Maghoumi/pytorch-softdtw-cuda

Regarding GPU memory footprint

netw0rkf10w opened this issue · 1 comments

Hi @Maghoumi,

Thanks a lot for sharing your work!

I tried using your implementation for learning of model to match two sequences, and found that it consumes a lot of GPU memory, more than two times that of an optimal transport (0T) loss. With the exact same training configuration (batch size, etc.), OT could fit into a 16GB memory while DTW could not fit into a 32GB GPU. Do you think that this is expected?

Could you please tell me if it's possible to somehow reduce the memory footprint of DTW? I'm not sure if I should play with the bandwidth argument...

Thank you very much in advance for your reply!

Hello, and thanks for your interest in my work!

Yes, the large memory footprint is expected. The issue partly stems from the way the cost map is calculated, since we'd need to compute the pairwise matching cost between the two sequences (as done here). Also, my implementation relies on such input.

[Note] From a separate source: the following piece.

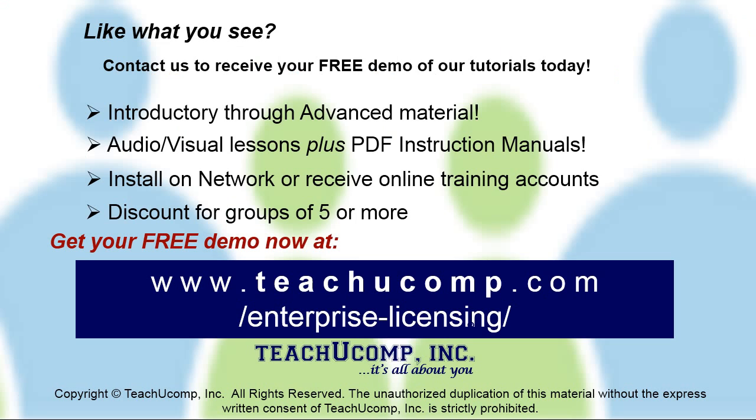Like what you see? Get a free demo of our training for groups of five or more at www.teachucomp.com/enterprise-licensing.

Unfortunately, playing with the bandwidth parameter doesn't help in this case, as it's only intended to save on the runtime in this particular implementation, not the memory footprint. That being said, with some modifications the bandwidth parameter could also be used to reduce the memory footprint as well. For instance, one could try and modify the algorithm in a way that the cost map is only calculated for the elements that fall inside the bandwidth region, and the kernel is executed using this "truncated" cost map.

At this point in time, I do not plan on exploring these, but I'd be more than happy to review pull requests that implement these features.